To be clear, with an unlimited budget, at your height, there's literally no good reason to run 26 out back. But. If you're on a limited budget, you can build a really great bike, the back half of which will be dirt-cheap.


----------



## Flat Ark (Oct 14, 2006)

If it's easier for you to find a geared bike within your budget, you can always just throw on a tensioner, get a SS chainring and SS cog/spacer kit. I've had some kick ass SS's by taking that route!

Sent from my LG-D850 using Tapatalk


----------



## mack_turtle (Jan 6, 2009)

V8Interceptor said:


> I agree, the Karate Monkey is a nice bike, but it's above my budget. I was hoping to spend around $500.00


keep in mind that you have to be specific about what you mean by "budget." to some people, a $2000 steel hardtail is a "budget" bike compared to the fleet of $11,000 carbon bikes they have in their garage.


----------



## mtnbikej (Sep 6, 2001)

There is no such thing as a budget SS.....if you spend the money to get a cheap SS, you are just throwing money away.

You will get one, like it and start throwing more money at it. I did the same thing when I first got into SS'ing.

Bought a Monocog 29er for $400. Within 4 weeks, had dropped $400 for a Reba, $250 for Juicy 7's, $100 for King HS, $75 for new bars/grips, $25 for new Cog. Fortunately, I got some new tires to demo for free, or that would have been another $70. Also, I got rid of it before the wheels went bad.

So my budget SS wasn't so budget.


----------



## V8Interceptor (Aug 24, 2014)

I totally understand. I've dropped so much money on my Stache 7 in upgrades, I could've bought a Remedy 8. However, the way I rationalize my upgrades, if I had bought a Remedy 8, I still would have dropped tons of money on wheels, carbon bars, etc.
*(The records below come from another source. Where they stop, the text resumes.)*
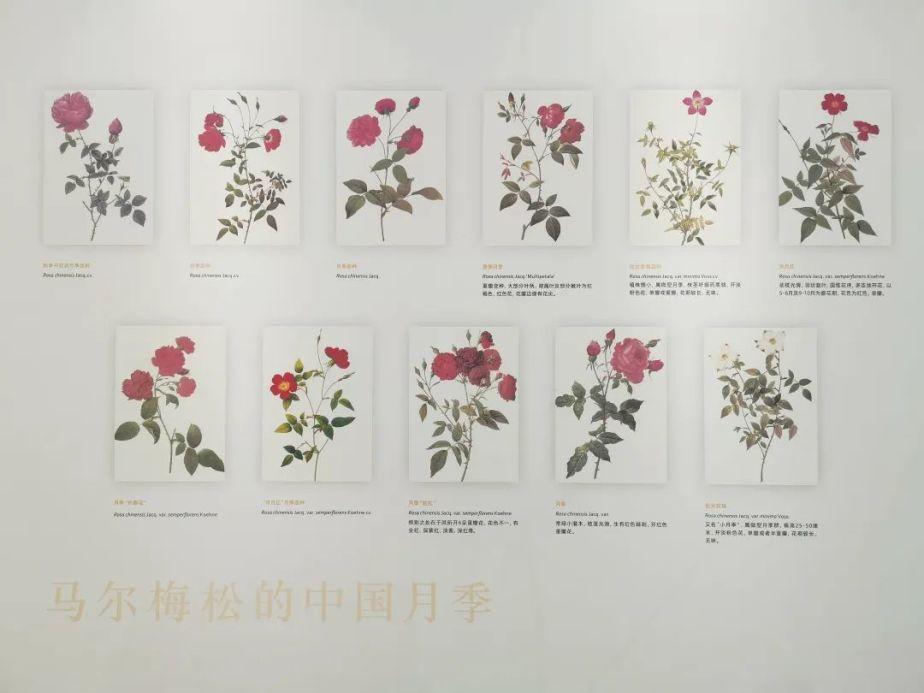 中国植物如何经由海上丝绸之路航向世界?来这个展览找答案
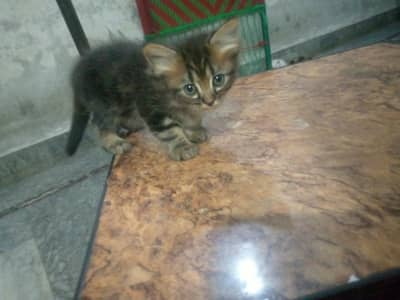 Persain Kittens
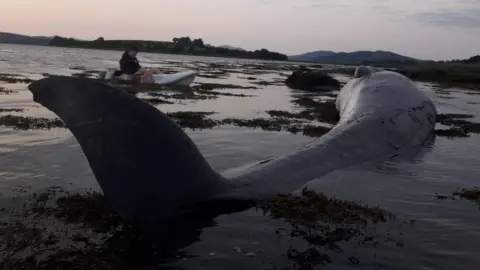 Danny McLaughlin dead whale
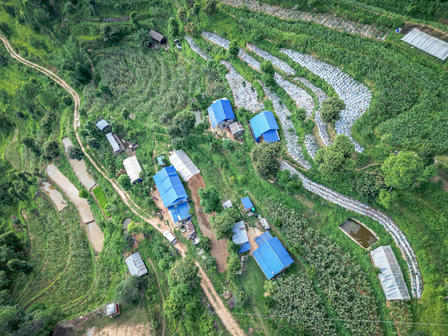 Aerial view of a lush green landscape with scattered blue-roofed buildings and winding paths.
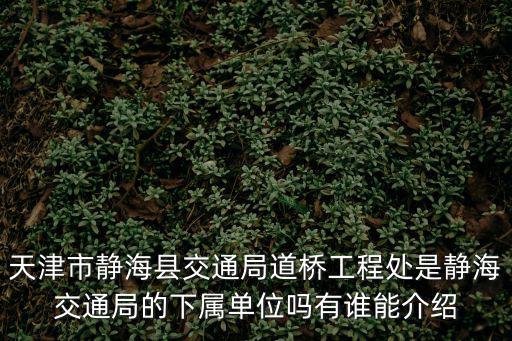 天津市靜海縣交通局道橋工程處是靜海交通局的下屬單位嗎有誰(shuí)能介紹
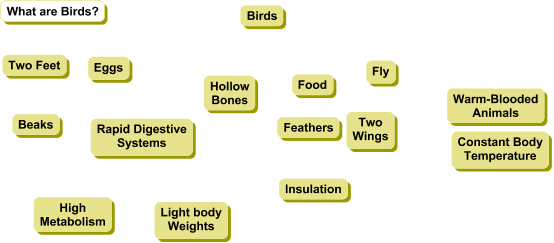 Initial Ranking of Concepts for a Concpet Map about Birds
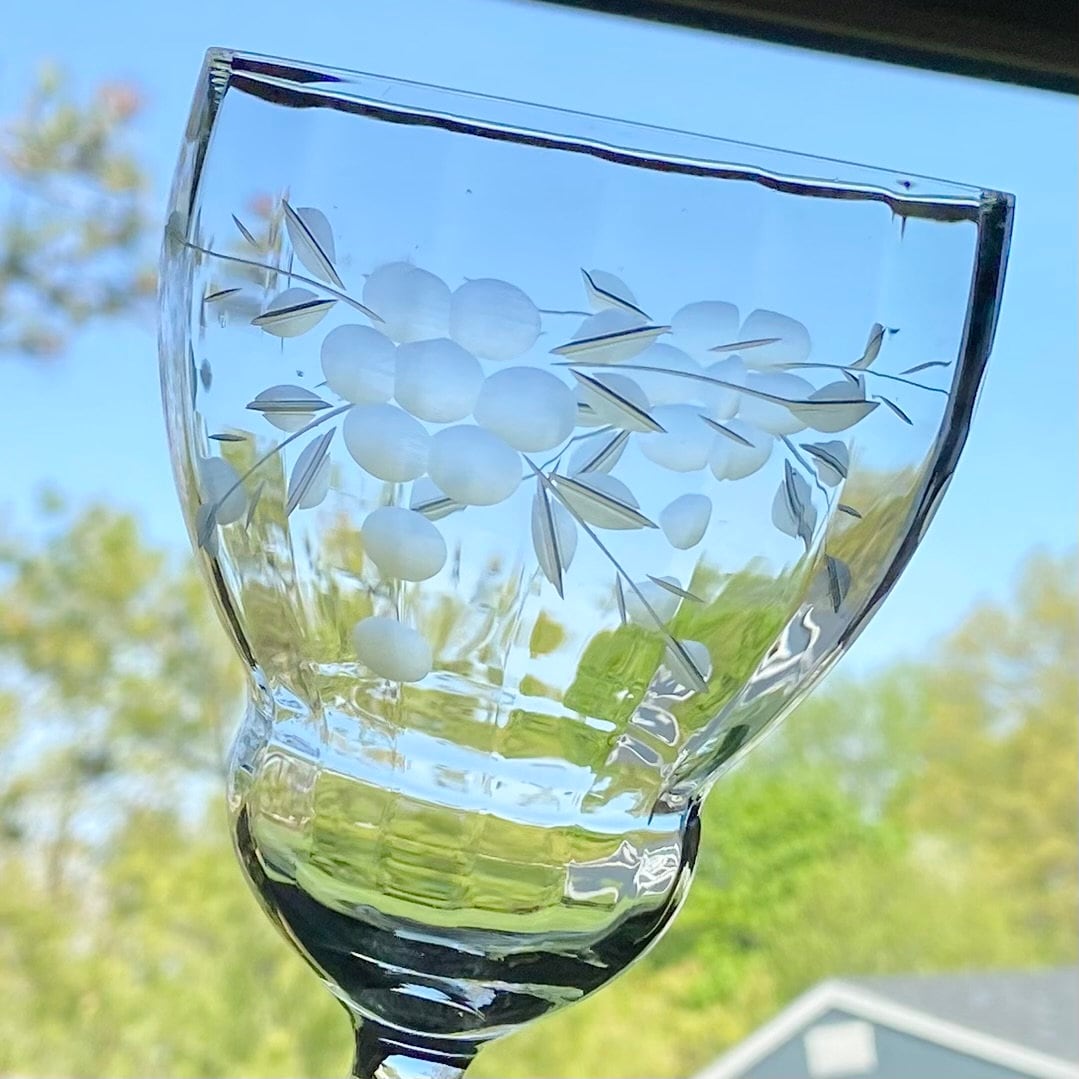 Vintage Weston Glass Etched Optic Panel Goblets - Set of 12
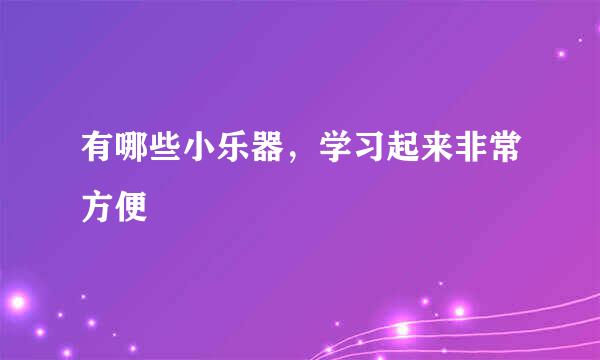 有哪些小乐器，学习起来非常方便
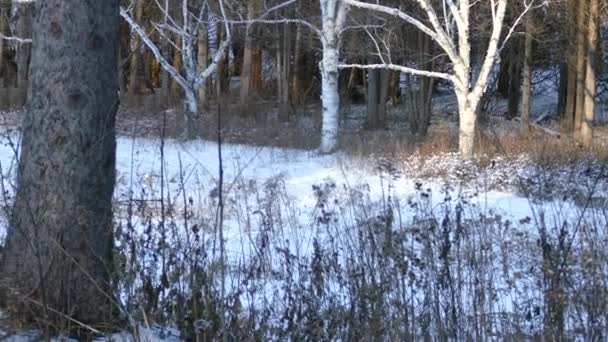 Campo Nevado Atardecer Con Zorro Caminando Visto Través Ramas Secas — Vídeos de Stock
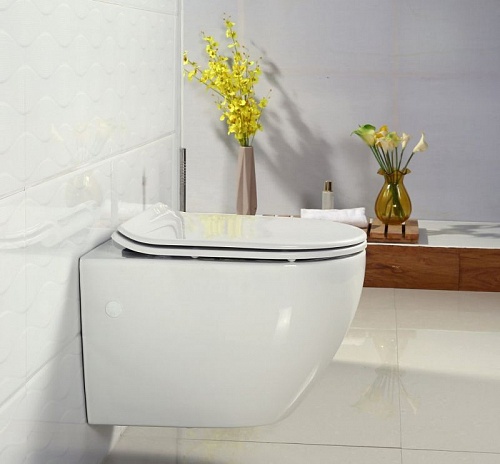 Сиденье д/унитаза Belbagno "Flay-R" м/лифт BB0209SC 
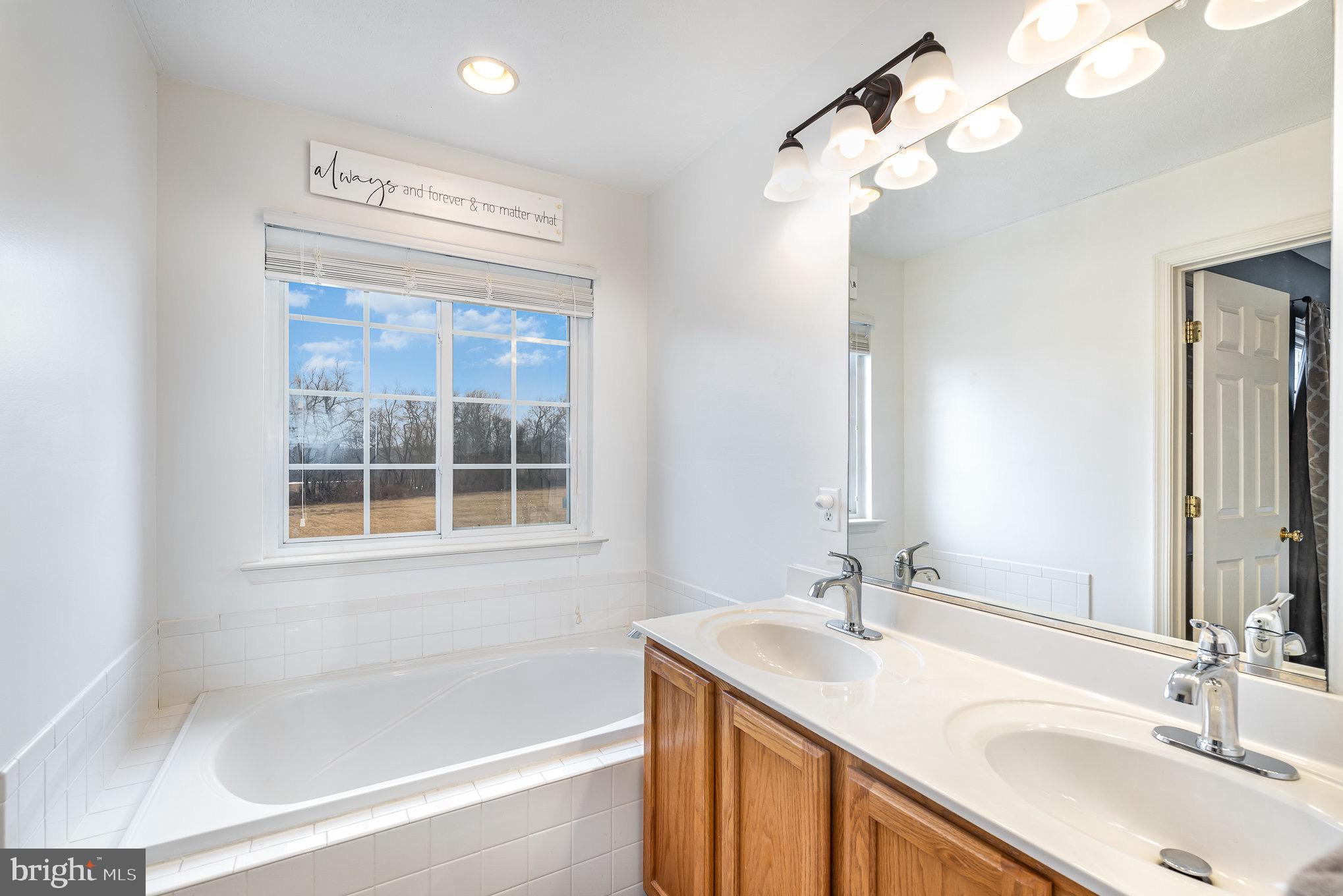 118 Maple Leaf Drive Rising Sun, MD 21911 - Photo 18 of 29 a bathroom with a sink a vanity a mirror and a bathtub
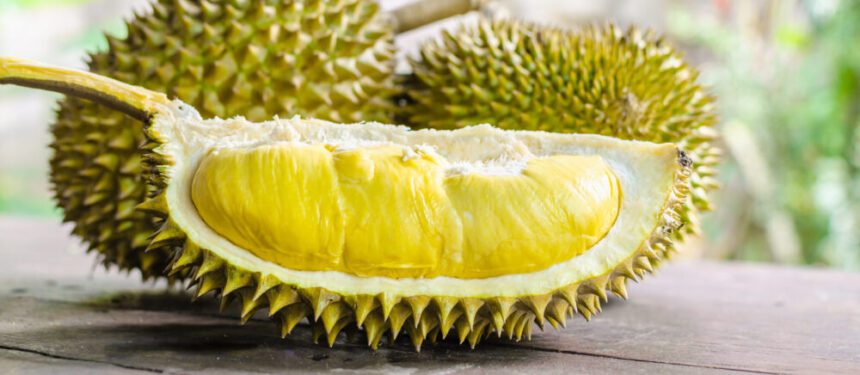 Freeze-dried durian powder: what is it and how to use it? | Centralsun.com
I understand if I buy a cheap SS from Bikes Direct or Nashbar, I know I'm getting a cheap bike. Luckily, I have a lot of quality parts taking up shelf space in my garage that I can swap out. I would love to buy an Ibis Tranny, Surly Karate Monkey, or a Kona, but that's not in the cards for me. It's just not going to happen anytime soon. I started this thread to see if there were any other vendors I should consider other Nashbar or Bikes Direct to buy a SS for around $500.00.


----------



## jtbadge (Jan 19, 2015)

Used Kona Unit is the ticket. Should be able to get one for under $600.


----------



## NordieBoy (Sep 26, 2004)

mtnbikej said:


> There is no such thing as a budget SS.....if you spend the money to get a cheap SS, you are just throwing money away.


I like my budget SS.
2003 Diamondback Vectra Sport with an old pair of Rock Shox SID's and a DMR STS tensioner.
34/20 gearing.








Probably owes me $300us including the Flow EX front, forks, brakes and oval front ring.

Good for racing XC too.


----------



## TampaDave (Mar 20, 2015)

V8Interceptor said:


> Luckily, I have a lot of quality parts taking up shelf space in my garage that I can swap out.


So build, for pete's sake. Buying at the very bottom of the market with the idea of upgrading doesn't make a ton of sense to me.

Are you OK with alloy? NINER ONE 9 FRAME (100127304) at CambriaBike.com . Comes with that bodacious niner EBB, a headset, and a *bottle opener.*


----------



## NordieBoy (Sep 26, 2004)

TampaDave said:


> So build, for pete's sake. Buying at the very bottom of the market with the idea of upgrading doesn't make a ton of sense to me.
> 
> Are you OK with alloy? NINER ONE 9 FRAME (100127304) at CambriaBike.com . Comes with that bodacious niner EBB, a headset, and a *bottle opener.*


That would be the base for a very nice ride.
Maybe not a Clyde level ride, but a nice ride nonetheless.


----------



## Elisdad (Apr 9, 2005)

Used Karate Monkeys are aplenty and a better buy than the inexpensive singlespeeds you can buy online. I regularly see upgraded ones sell for $600-700 on some of the Facebook for sale groups.

FWIW, I have a Redline Monocog Flight & a newer Salsa El Mariachi. Both of those would also be good options for a singlespeed.

Buy used & you'll get a better value. Also, you'll have a better platform to build on.


----------